What the exercise asks:
Copy without pictures. Please restate each line of the listing exactly.

Information shown:
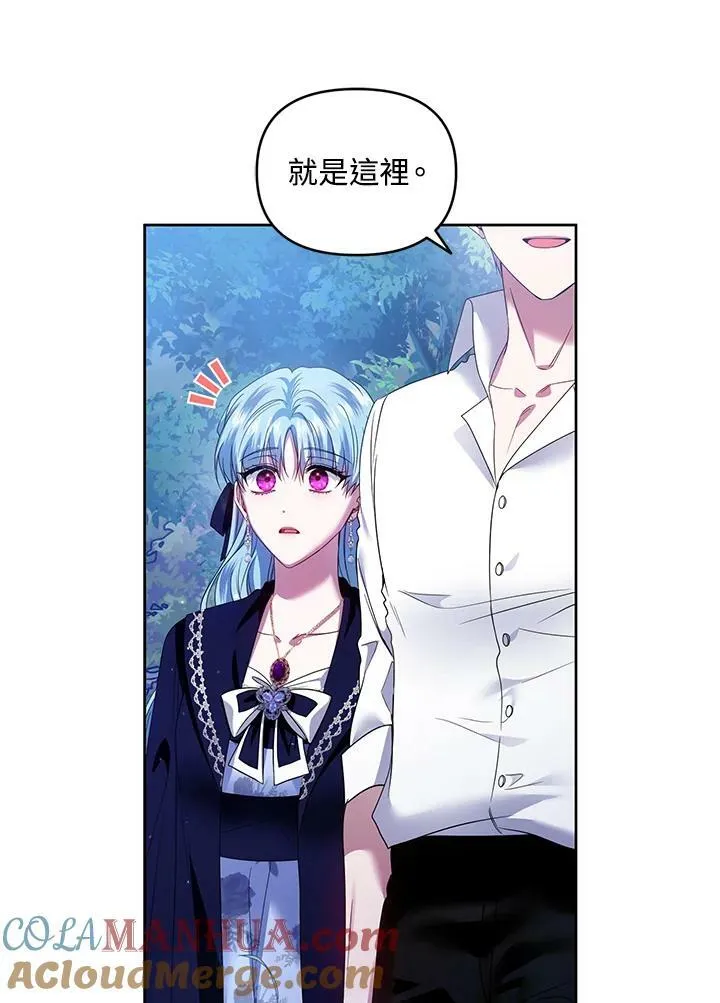 第50话 第37页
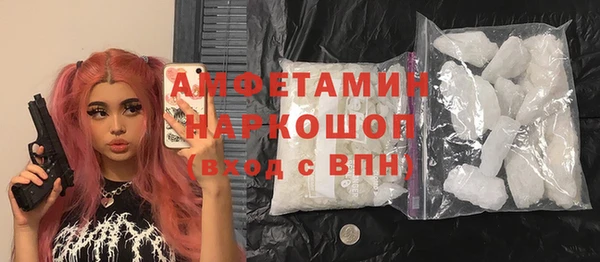 прущий лед Михайловск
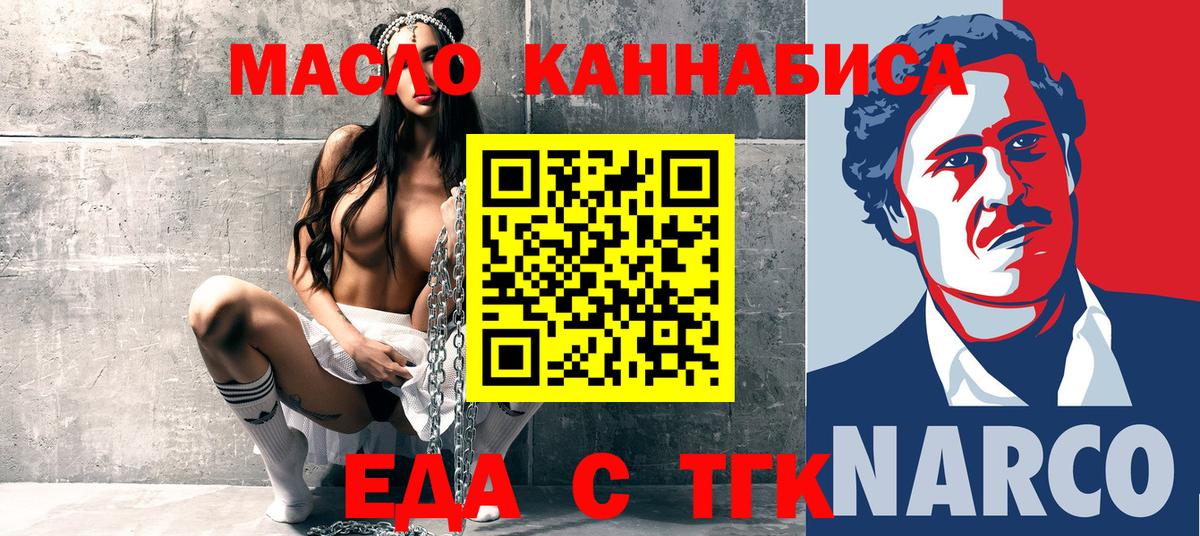 Печенье с ТГК конопля  Вход с VPN  Ачхой-Мартан 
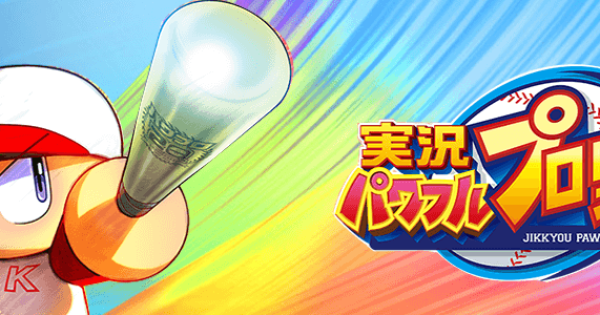 エール！応援！の効果・査定とコツをくれるイベキャラ（GameWith）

Output below:
 第50话 第37页
 прущий лед Михайловск
 Печенье с ТГК конопля  Вход с VPN  Ачхой-Мартан 
 エール！応援！の効果・査定とコツをくれるイベキャラ（GameWith）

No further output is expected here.